Questa richiesta oggi si è concretizzata, fa sapere la Fiom Cgil di Brindisi. Di “importante passo in avanti” parla Angelo Leo, il segretario generale della categoria: il Distretto aerospaziale pugliese, su proposta dei sindacati di categoria e del presidente della Task force, Leo caroli, si impegna ad inviare la lista delle competenze degli ex lavoratori di Tecnomessapia a tutte le aziende del settore. “La lotta unitaria dei sindacati che hanno creduto nella linea di salvaguardia delle competenze e dell'alta formazione dei lavoratori ex Tecnomessapia è diventato patrimonio di tutti i componenti del tavolo regionale”, dichiara Angelo Leo.

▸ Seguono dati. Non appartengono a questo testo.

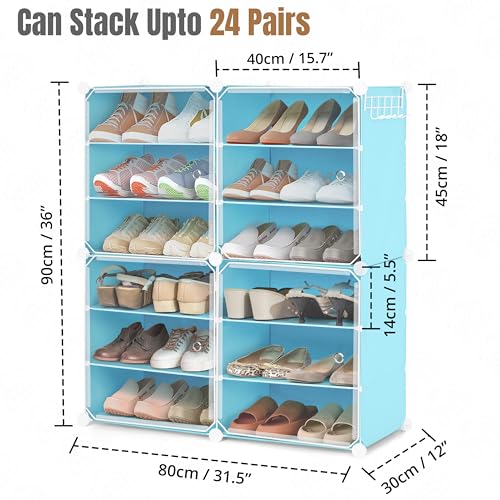 Image of ABOUT SPACE Plastic Shoe Stand with Hanger & Door for Home - Portable,Expandable 4 Cube Shoe Stand for Boots,Heels - DIY 24 Pair Flipflop,Slipper Stand for Women,Men,Outdoor (BlUE) 300 x 800 x 900 mm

tavolo tecnico Tecnomessapia 2-2

“ LA task force sarà riconvocata in tempi rapidissimi, non appena giungeranno alla Regione i curricula da allegare all'elenco con l'autorizzazione a trattenere i dati della privacy. Le aziende del distretto aerospaziale pugliese, potranno attingere per le nuove assunzioni a personale che oggi vive insieme alle proprie famiglie il dramma della disoccupazione pur avendo un alto profilo professionale. Inoltre con il varo della lista delle competenze, le aziende pugliesi del settore non si faranno scippare da altre regioni o addirittura stati, simili profili di alta formazione nel campo”, sottolinea la Fiom.

Leo a nome della Fiom Cgil “esprime un grande apprezzamento per il lavoro svolto falla task-force in tempi eccezionali, e si augura che le aziende dell'aerospazio pugliese si attivino rapidissimamente ad attuare questa importante novità pubblica alla ricollocazione dei lavoratori espulsi dai processi produttivi. Il prossimo incontro sarà quello definitivo che dovrà dare avvio alla realizzazione del progetto”.